Bisher wurde in diesem Jahr noch keine einzige Förderung für eine Sozialwohnung beantragt. Dabei verliert die Stadt zugleich 5.000 Sozialwohnungen, da für die schon älteren Häuser die Verpflichtung ausläuft, die Wohnungen günstig zu vermieten. Bausenator Andreas Geisel (SPD) hatte die Spitzen der Koalitionsfraktionen daher zur Zustimmung der Richtlinien gedrängt.
Mindestmiete der Sozialwohnungen unter 7 Euro
Geisel plante im Vorfeld mit einer sozialen Miete von knapp sieben Euro. Diese Wohnungen werden nun jedoch nur 6,60 Euro pro Quadratmeter kosten (nettokalt). Der Preis soll jedoch jährlich um zehn Cent ansteigen.
Die Sozialwohnungen, die über den „zweiten Förderweg“ unterstützt werden, haben höhere Mieten von neun Euro pro Quadratmeter. Für sie darf nun nur 20 Prozent der Haushaltsmittel für den sozialen Wohnungsbau ausgegeben werden.
rot-grün-rote Koalition will Berlins Mieterinnen und Mieter schützen
Zurzeit ist es den Investoren möglich, Förderkredite vorzeitig abzulösen, um Sozialwohnungen als Eigentumswohnungen verkaufen zu können. Daher will die Koalition in ihrem „Maßgabenbeschluss“ nun dieses Problem angehen und die Mieter vor einer vorzeitigen Kündigung schützen.

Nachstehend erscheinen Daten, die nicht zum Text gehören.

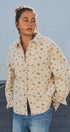 Floral Quilted Button-Down Cotton Shacket in Taupe	 - Women's Jackets & Outerwear | Urban Daizy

Denn die vorzeitige Rückzahlung verkürzt die Dauer der günstigen Sozialmietbindung für die Wohnungen. Bisher ist es den Bauherrn möglich, die Bindung von 30 auf 23 Jahre zu verkürzen. Das soll zukünftig nicht mehr möglich sein.
Der Streit um Konditionen ist beigelegt
Der Streit über die Förderung konnte mit diesem politischen Kompromiss beendet werden. Dieser sollte am gestrigen Mittwoch beschlossen werden. In einem Jahr soll die neue Förderung „evaluiert“ und eventuell noch einmal korrigiert werden.
Geisel will dem Hauptausschuss im Abgeordnetenhaus zusätzlich noch seinen ursprünglichen Entwurf der Wohnungsbauförderung vorlegen. Korrekturen der Haushälter, politischer Geschäftsführer und der Bauverwaltung sollen dann mit eingearbeitet werden.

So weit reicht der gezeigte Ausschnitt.